Whatever (Beginning)

affirm (2)

W(hate)ver. Deirdre liked the T-shirts and tractor caps at first. She bought an XL, green-letters-on-white, as a sleepshirt for her 12 year-old son. Afterward the phrase came to represent for her the essence of passive-aggressive response. WHATever. WhatEVer. Not nice, really.

And later still, riding the bus home one night, glancing out the window at a stop, she saw a bulldyke wearing the shirt with a brown leather pilot’s jacket over it, hands in her jeans pockets so the jacket hung open, its bronze zipper teeth like tiny horizontal fringe, cropping to “hate” the Whatever.

Progressions like that made Deirdre distrust her initial responses. She figured she must be counter-intuitive, so often disagreeing with herself. Gradually she learned to reserve judgment. She began to see beauty even in dereliction. Broken glass in a vacant lot, viewed in the sun from her commuter train, sparkled like morning-gilt ocean or mica in a sidewalk. The scab-faced rope-haired crazy drunk, leg-splayed on the floor of the train station against a tiled wall with his penis apparent in the gaping hole in the crotch of his smear-stiff corduroys: that penis the only handsome thing about him, large like a Scandinavian, circumcised and smooth.
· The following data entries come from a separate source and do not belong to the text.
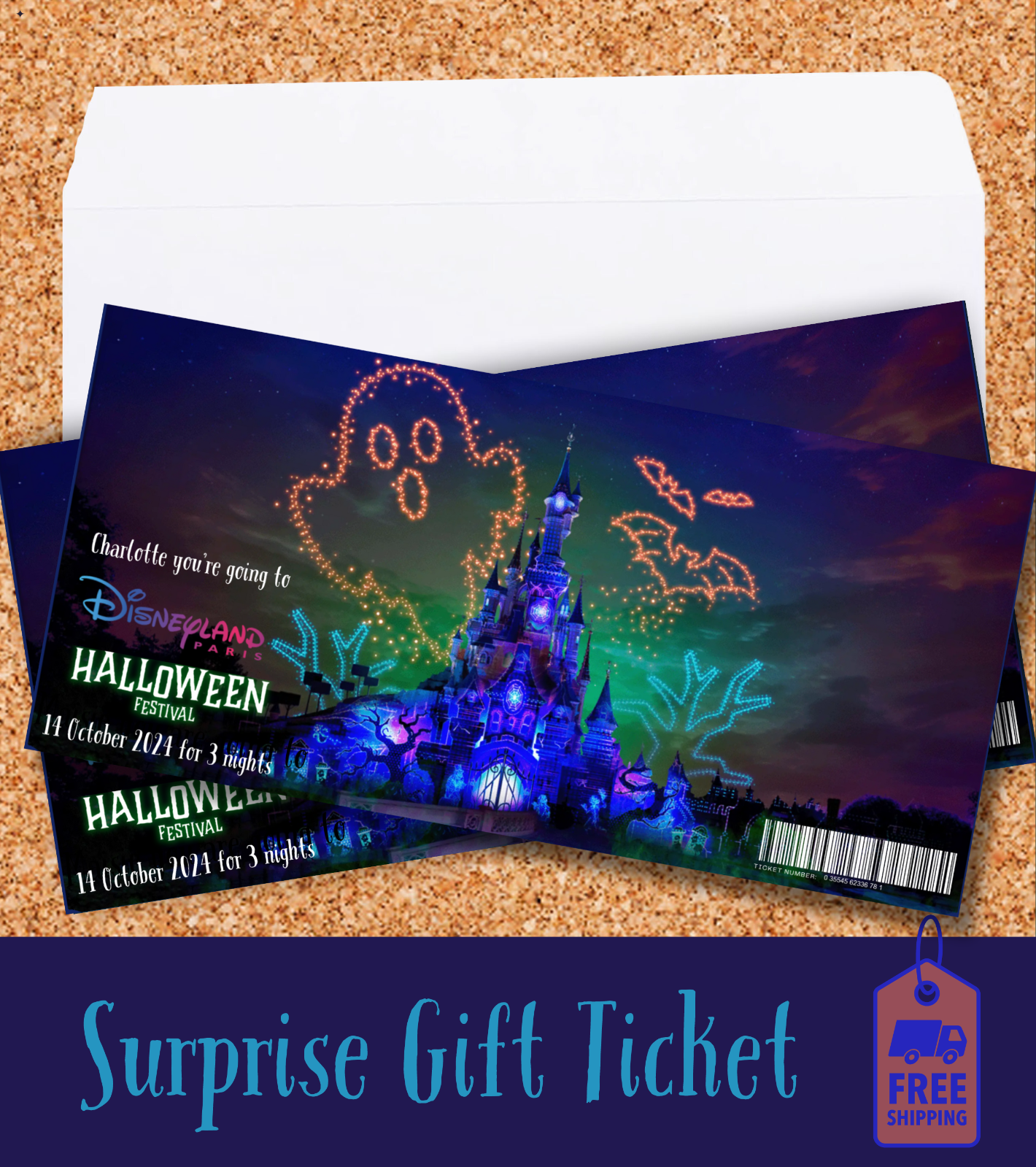 Disneyland Halloween Surprise Ticket Personalised Birthday Gift Reveal Disney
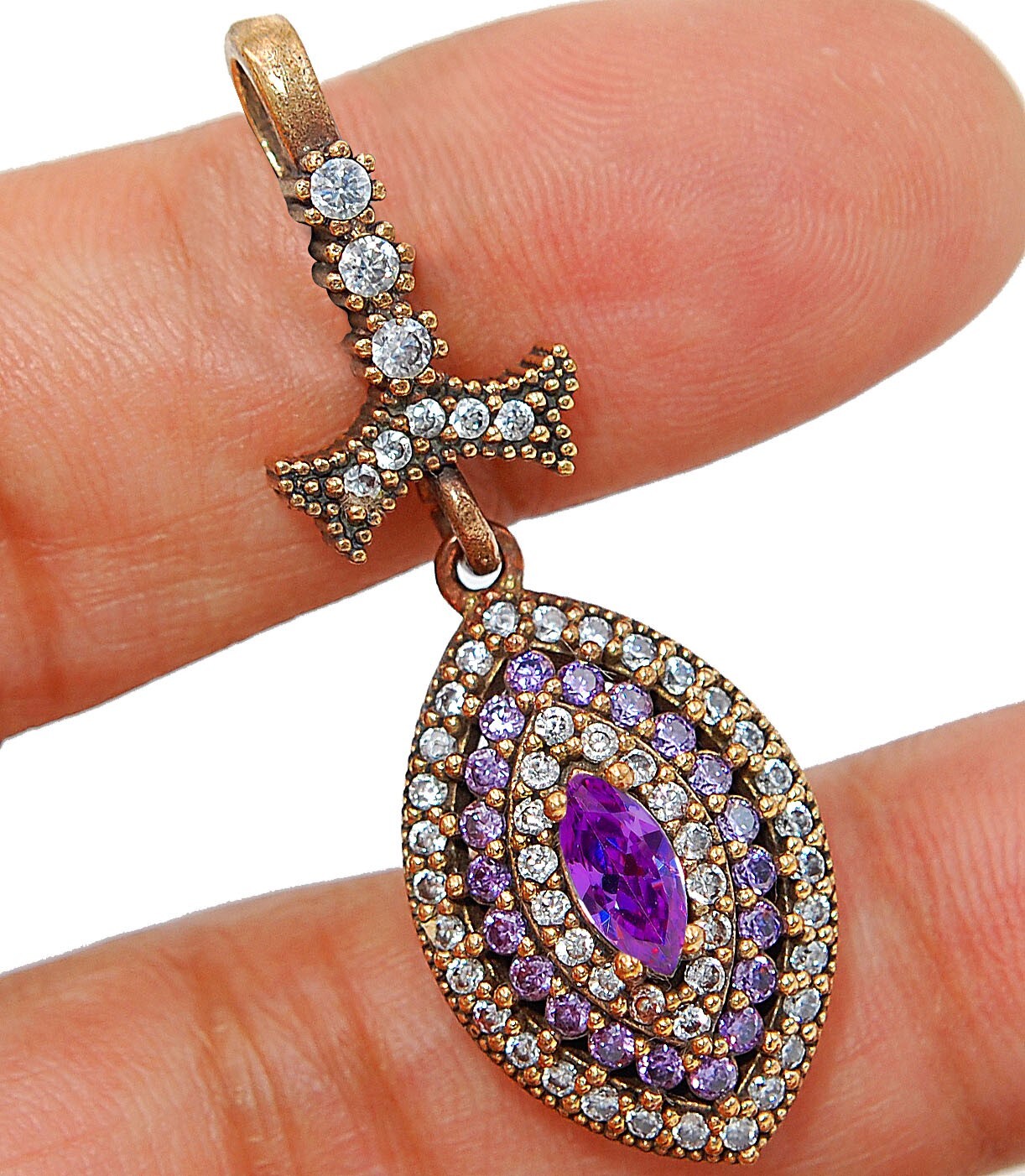 Ottoman Empire Inspired 3CT Amethyst Topaz Sterling Silver Pendant S2436/AB
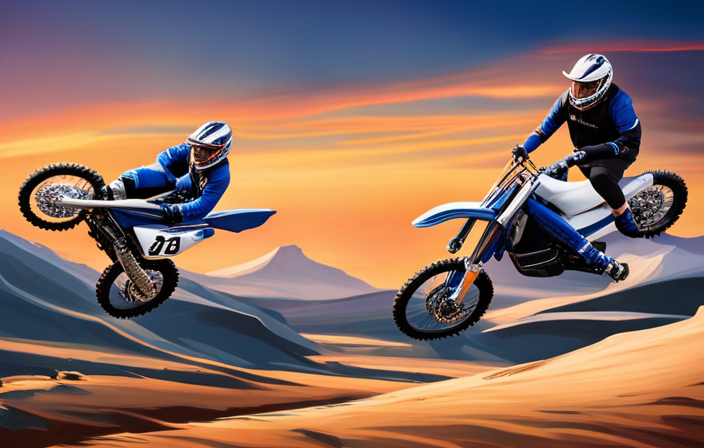 An image showcasing a sleek dirt bike with an electric start, highlighting its compact size and powerful design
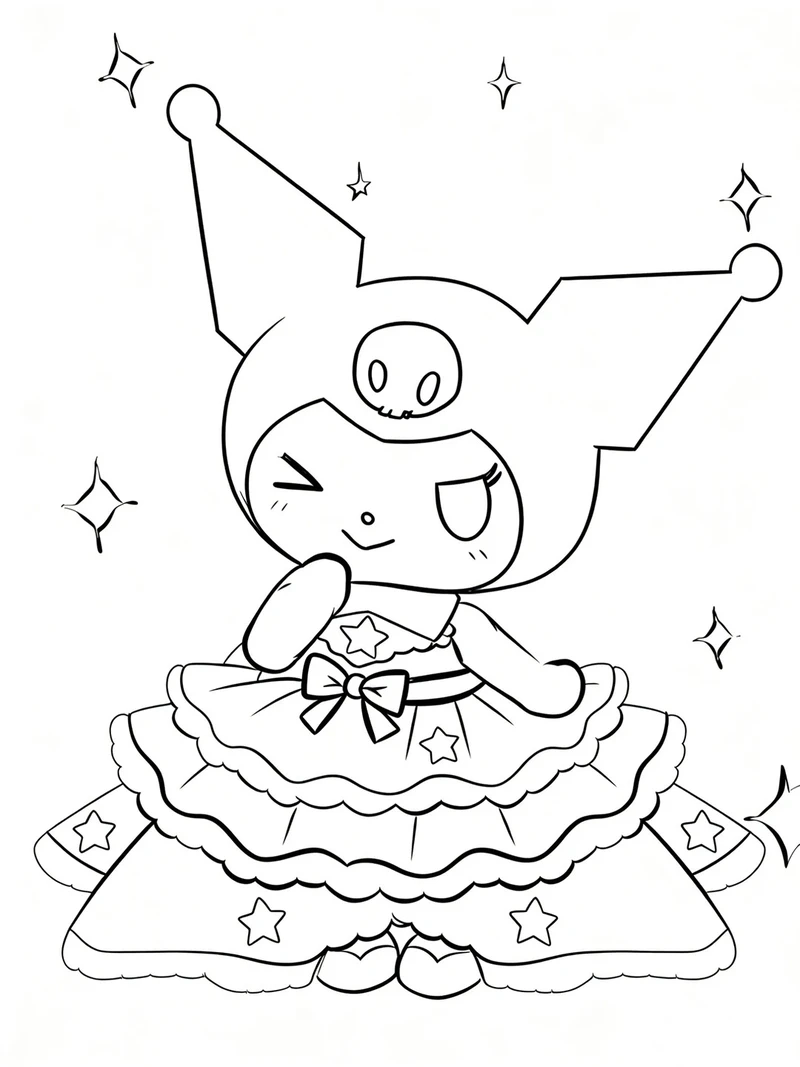 Tải ngay tranh tô màu Kuromi cho trẻ em giúp bé vừa học vừa chơi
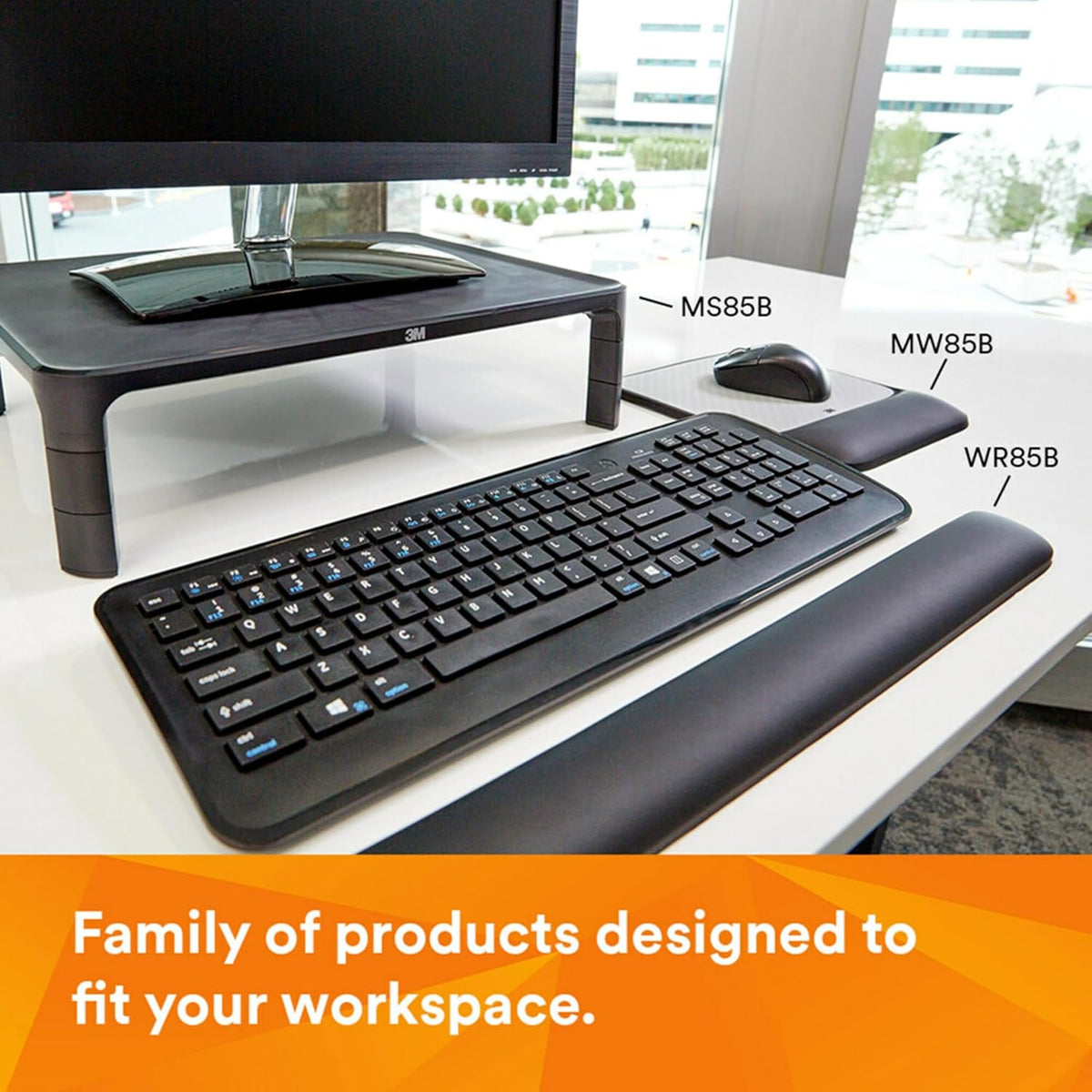 3M Adjustable Computer Monitor Stand, 16 in x 12 in x 13.6 in
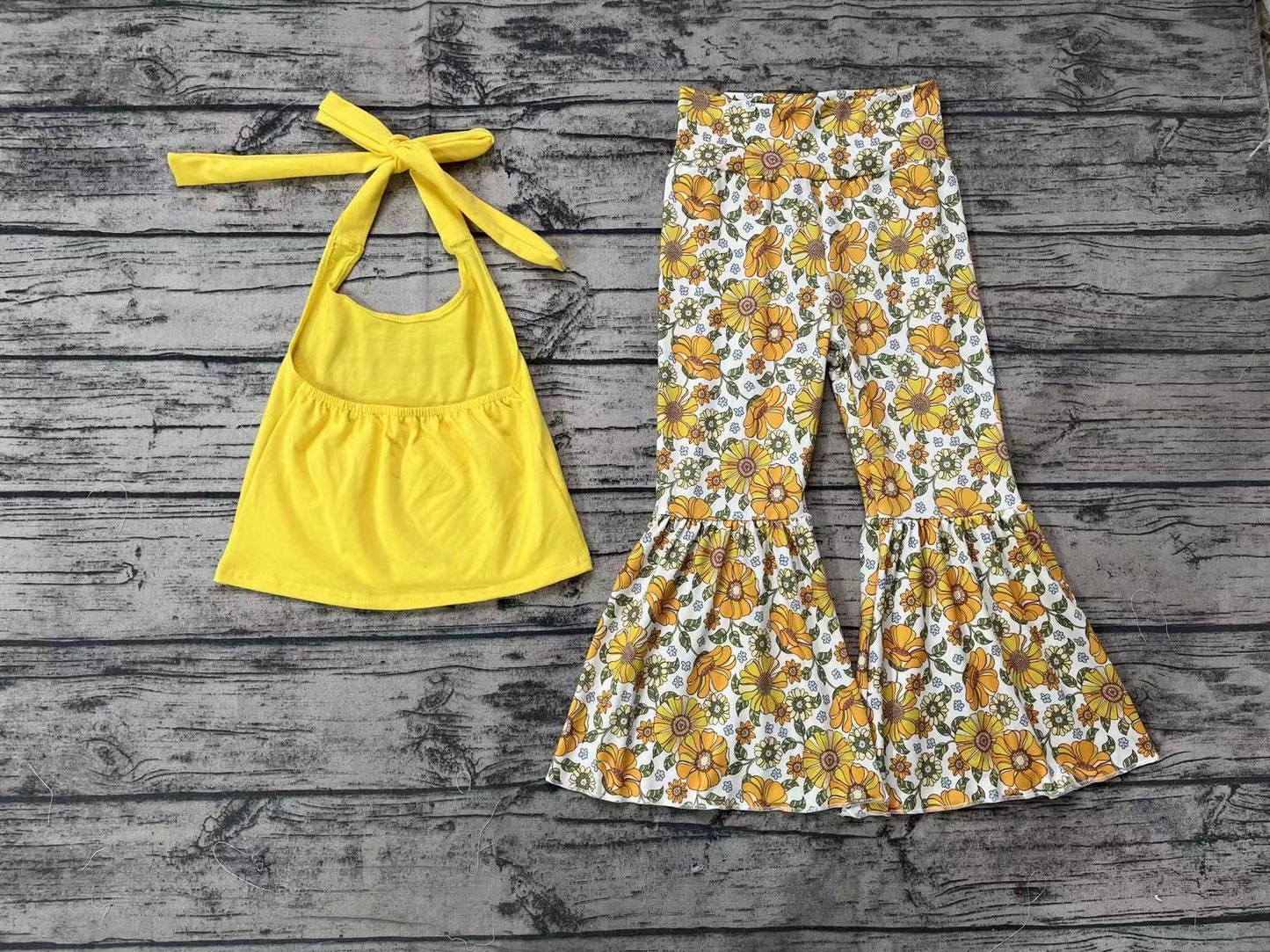 Baby Girls Mustard Halter Top Shirt Flowers Bell Bottom Pants Clothes Sets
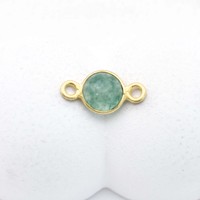En gros, Breloques connecteurs en pierre gemme naturelle ronde facettée, avec monture dorée et double anse, pour la fabrication de bijoux DIY et de bracelets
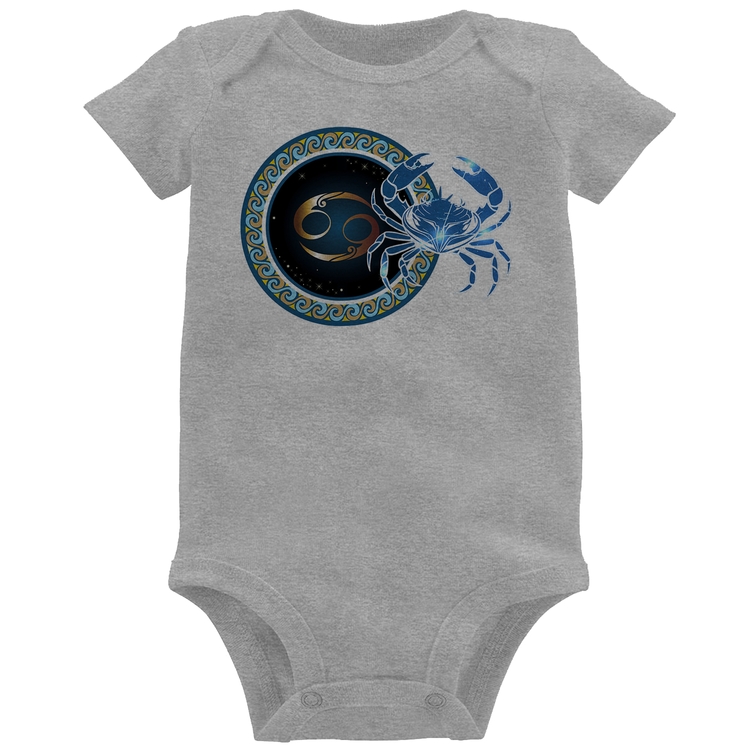 Body Bebê Signo Câncer Astrologia - Cinza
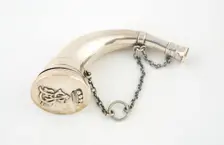 Vinaigrette in the Form of a Hunting Horn, London, c. 1870/71. Creator: Unknown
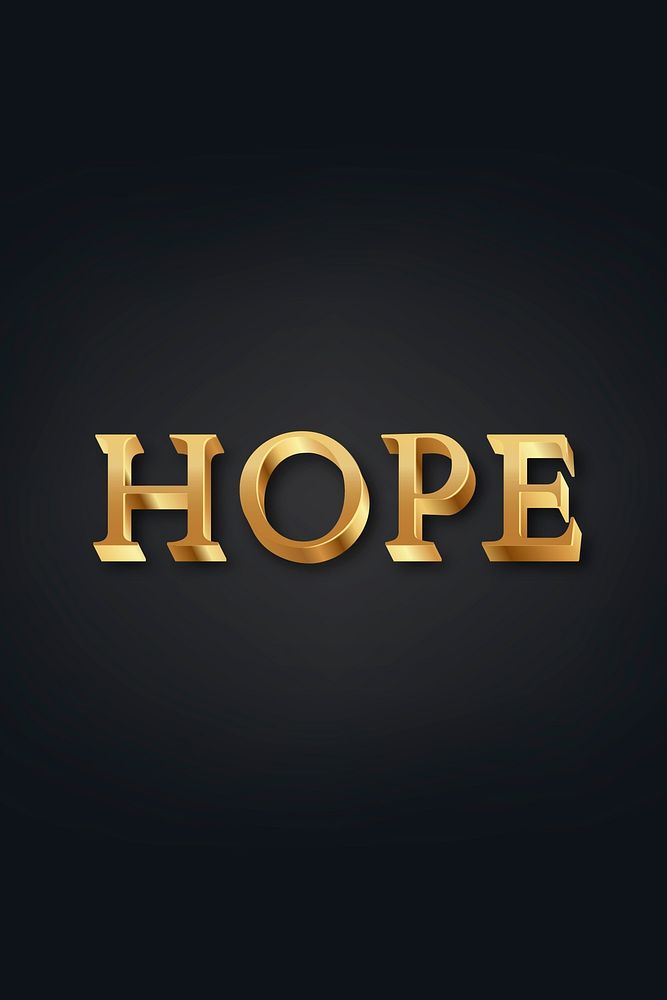 Hope text in 3d golden font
If she weren’t reserving judgment she wouldn’t be dressing for the school holiday pageant. She always hated these events. Having to hope for a crowd. Glaring garish lights. The seesaw between embarrassment at the amateurism and the face-thickening demands of emotional manipulation. How heartwarming is that diversity…

But everyone said she should go. Mom and Connie, SuddenJim. Everyone but she and Ian. Deirdre reserving judgment dressed to leave her house.

Her phone rang (Connie). And didn’t (Jim). Connie as usual called for no reason Deirdre could determine. She did some big-sister bossing about what Deirdre should wear to the pageant (“Not the old T-shirt again, Dee,” she declared. “You have to set an example for Ian.” As if clothes could make the boy behave.) And she wanted to rave about some guy she and Duane met in a bar the night before. Connie prided herself on the accuracy of her first reactions to new people. She claimed she could size a person up, character-wise, in five minutes of conversation, and this guy was going to be good for Duane’s career. Deirdre figured that if Connie’s assessments were that accurate she would never be disappointed in people, and since her sister was almost always complaining about how someone let her down, her first impressions probably weren’t often as correct as she thought.

Connie had said Jim Sullivan was a catch when she first met him. She tried to sell Deirdre on him. She described him as eccentric but highly intelligent, weird but fascinating. Actually he was quite smart but had a cognitive disorder; he’d always been distractable unless the subject grabbed him, and he’d coped with his problem by narrowing his field of engagement to what he could manage, and by taking in every kind of stimulant. He drank quarts of black coffee each day. He went through a carton of non-filter cigarettes a week.

If the schools caught a Jim Sullivan now, they’d get him to a shrink and onto some form of speed. They could even test him for his ailment; he has attention deficit disorder, and the doctors would see it if they gave him traceable glucose and watched how little of it was taken up by his brain. Like so many boys with ADD, his condition made him hyperactive the way a toddler who misses his nap is hyperactive; the poor man had a tired brain and needed a little wake-him-up.

But Jim is 54; back when he was in school they just told him to pay attention and punished him when he didn’t. They called him impulsive. They nicknamed him Sudden Sullivan. He learned to hate school, to go into a trade where he could work his body and therapize his mind, to limit his appointments and engagements so he could remember to keep them. At this point medical science figured he was coping well enough that he didn’t need any meds.

Jim latched onto Deirdre when he met her three years earlier. Connie introduced them, and she and Jim concluded that he and Deirdre made a wonderful couple. They were both into enneagrams and the numbers worked. Deirdre didn’t necessarily agree, but she reserved judgment. She couldn’t see a purpose to personality typing systems. She enjoyed some conversations with Jim, especially the ones that took place in bed after languorous kissing and vigorous sex. She didn’t see herself as half of a committed couple, but gradually she realized that Connie, and SuddenJim, and the rest of the world did. She tried to argue about it but no one wanted to listen; she sometimes thought she’d have to stop seeing Jim just to prove to them all that it was casual.